Although I was alive during those times, circumstances dictated that I would forever be a latecomer to The Beatles' mania and even the Beatles' demise. So the chopped up Beayles albums were never an issue to me until I was much older and history had exposed this profiteering enterprise on the part of to American record label, Capitol. ALthough the "offical" running orders are often considered to be the UK sequence, there are many who prefer the Americanized version. Personally, I do think the American Rubber Soul plays as a much better overall album - more folk rock than rock and roll, as cited in the article. But I did buy this Breatles mono/stereo box set )along with volume one), and I can't really hear how the American versions are any superior to the Brit versions - or much different for that matter. Personally, I think theses CDs are for the completeists only..... which makes me wonder when the mono White Album & Revolver come out - if they ever were in mono.
The Real Tragedy is the delay in issuing the American Versions of Yesterday & Today. Revolver.
Sgt Pepper. & Magical Mystery Tour in the mono/stereo format like the others. The White Album IS very different in Mono(speed and compression variations etc) Yellow Submarine & Naked Let It Be are superior in the revised versions and Abbey Road was probably never mixed for stereo. When is Captitol Records going to get moving on this? I did Beatle's Second because it is U.S. issued.
clawjack: Was there a British version of 'Yesterday and Today'? -- Considering that it was strictly a Capitol slice o' matic affair of songs found on other British albums.
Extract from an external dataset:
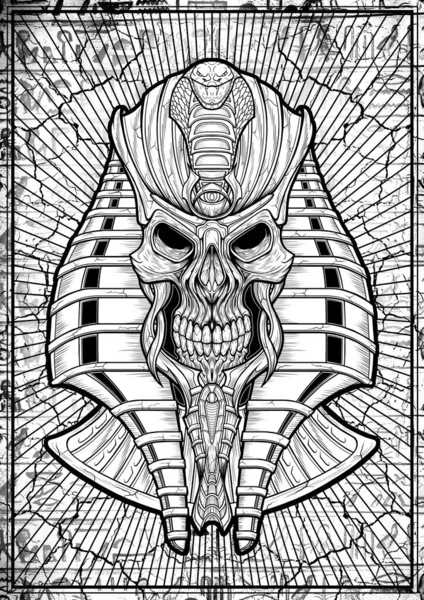 Жахливий Череп Фараона Плиті Ієрогліфами Променями Стародавній Демон Крупному Плані — стокове фото
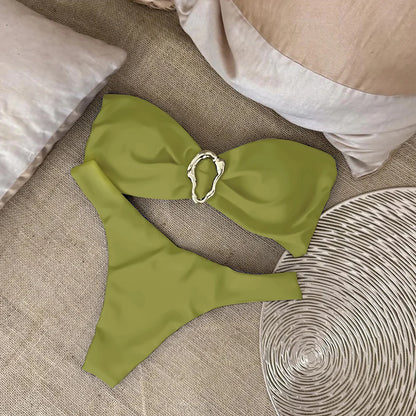 Push-Up Bandeau Bikini Set – Solid Brazilian Thong Swimwear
I'm not disputing the contention -- it just struck me as curious.
sorry, clawjack, I mis-read your comment. Apart from the mono/stereo issue, 'Yesterday and Today' is an American/Capitol hodge-podge compilation of already-released tracks in Britain (hence my curiosity as to whether it was released there).
By the way, many years after I having 'Yesterday and Today', I steamed off the pasted-on 'steamer-trunk' cover to find that I had the infamous "butcher cover" in which JPG&R were in butcher smocks, handling cuts of meat and pieces of dismembered baby dolls. Cool.
It doesn't matter if you're a 'completeist', it's just nostalgia for American baby-boomers, like myself, who were getting an introduction to serious rock & roll at the time from listening to this record. For those of us just learning guitar or just discovering the fun of music back then, this album was a Master Class in the subject.
More so than "Meet", and with little or no availability of "PPM" in the States (until "The Early Beatles"), the "Second Album" shows the complete range the group had: from raw, soulful, gut-wrenching R&B, to foot-stomping finger-bleeding go-ahead rock. On it, they demonstrate a wider range of styles than any other album, their appreciation of the roots of r&r, and where they were taking it. It also showed the group as we would have imagined (or wanted) to see them in a club before their rise to fame. "PPM" lacks the energy (remember, they were sick, especially John, while recording that album), and the studio and musical sophistication gave a clearer indication of the potential of a small four-piece combo.
Now, while I admit that profiteering may be a factor, with fewer tracks the grooves were bigger and spaced farther apart, making Capitol records louder than their overstuffed counterparts (they didn't sound better - just louder), which was always appreciated at a dance party in those days.
Another thing to compare is the breadth and scope of albums with fewer songs will seem to have better focus than their overcrowded versions, making for a more concise meaning of the album. And, the "Second Album", more than any other, encapsulates how important to the band's impressive musicianship George was as a singer and guitarist.
Thanks for the comment, Ed. But speaking of "foot-stomping finger-bleeding go-ahead rock," with great harmonies, too, how can I forget to remark upon the great "You Can't Do That"?







Very good write-up, GH. Me and my monkey particularly enjoyed the Beatle references lightly sprikled in.